The debate on whether micro guides are a legitimate breakthrough or just another gimmick requires deciphering a dizzying dose of propaganda. With that being said, there is an equal amount of merit and scrutiny from both sides of the industry.

After the initial hysteria-fueled race to capitalize on the newest rod designs, the micro guide is now in its senior year and its merit is being re-evaluated…

Proponents claim reduced weight, increased casting distance and reduced backlashes. Additionally, having smaller profiled guides results in less damage from rod storage and transportation. Detractors question the performance claims, referencing insert malfunctions, problems passing knots through tiny eyes and mention that micro guides are just plain difficult to thread line through.

The average size of a micro guide is 3.5 to 4 mm in diameter, some even smaller. A standard casting rod uses guides that typically decrease from 12 mm to the tip, with a total guide count around 7 or 8. Rods built with micro guides may contain as many as 14 guides. The additional guides dampen the line’s vibration by confining the line within the tiny spaces, thus restricting the amount of line slap.

The mainstay for micro guides seems to be the overall reduction in rod weight and increased sensitivity. John Bretza, Director of Product Development for Okuma Fishing explained. “Smaller guides mean rods are becoming much lighter, especially at the tip. The reduction in weight allows for more of the smaller guides to be used, making it easier to balance, while also increasing overall sensitivity.”

Only a few years ago in their haste to capitalize on the micro guide craze, manufacturers were pumping out thousands of sticks laced with tiny guides with little research compiled resulting in several missteps during the process. Smaller sized stripper guides were placed too close to the reel, creating a drastic angle where the line funneled down into it, causing line abrasion when casting and when the rod was loaded under pressure. Guides were also improperly spaced and there were widespread problems with inserts popping out. There were also arguments whether the increased number of micro guides now being used would truly offset the weight of the rod.

With time, further research and development created a hybrid guide system that’s become more of a concept than a product, using micro guides towards the upper end of the rod, with slightly larger guides near the bottom. Through developments in guide spacing and size to determine the appropriate angle of line coming off the reel, the market has adapted to the changes and anglers are seeing benefits across a wide range of venues. Furthermore, the newest sets of micro guides are designed to perfectly transfer the line over the differently powered sections of the rod.

Companies like Fuji are on the forefront of guide development and recently launched a new Deep-Pressed guide that secures a ring on a thin frame, yet provides a large surface area for securing the ring material. Collins Illich, VP Director of Conventional Tackle for Temple Fork Outfitters explained that as the market continues to evolve micro guides are finding their place maybe not as originally intended, but as part of a greater product development. “Just look at the new product showcase at ICAST over the last few years—almost every rod entered a few years ago included micro guides and last year there were only a few,” observed Illich.

Only time will tell if micro guides will stick around or fade into obscurity.

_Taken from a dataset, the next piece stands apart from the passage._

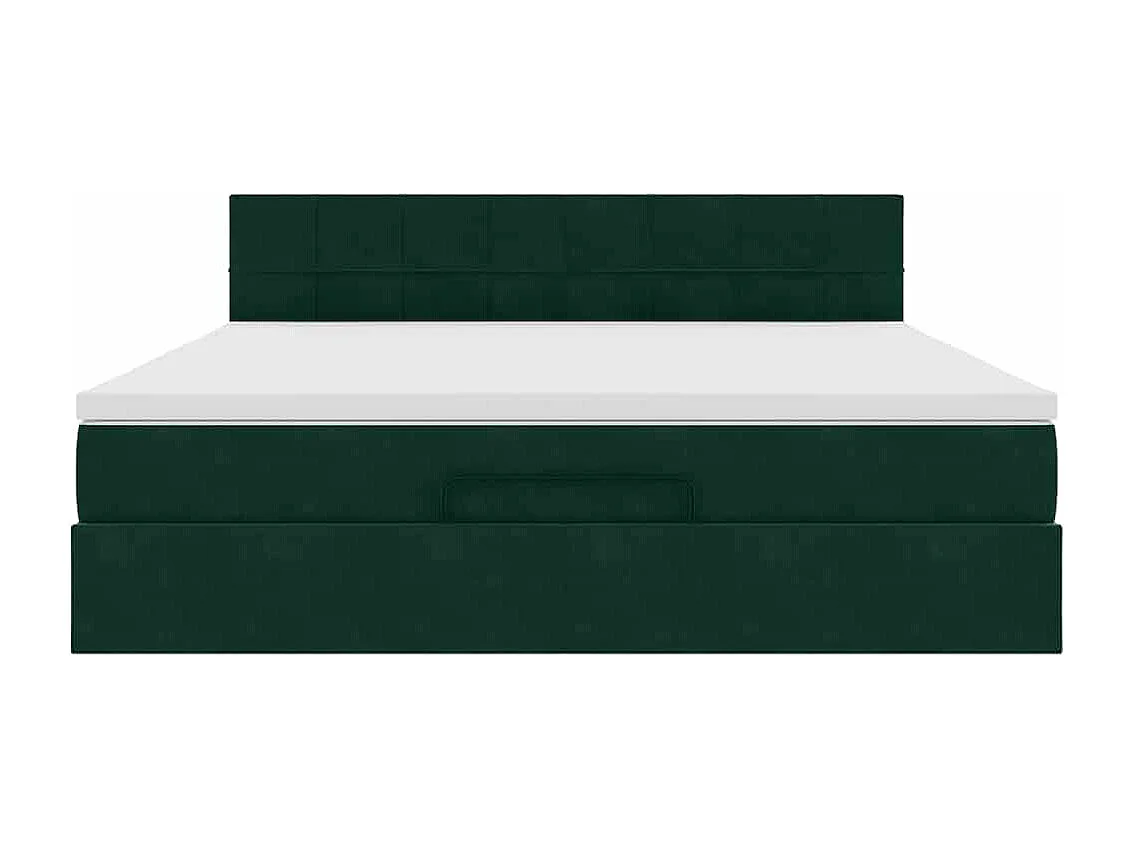 Ottoman-Bett mit Matratze & LEDs Dunkelgrün 160x200 cm Samt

However, a growing number of recreational anglers and tournament pros alike are believers and express the benefits of the latest advancements. With respected brands like Ducket, Lew’s, Okuma, Temple Fork, Falcon, Phenix and Seeker continuing to produce incredibly advanced rods utilizing micro guide technology, it’s time you experience the difference for yourself. While micros aren’t ideal for every scenario, they may soon be your guide layout of choice for numerous technique-specific applications. Choose wisely!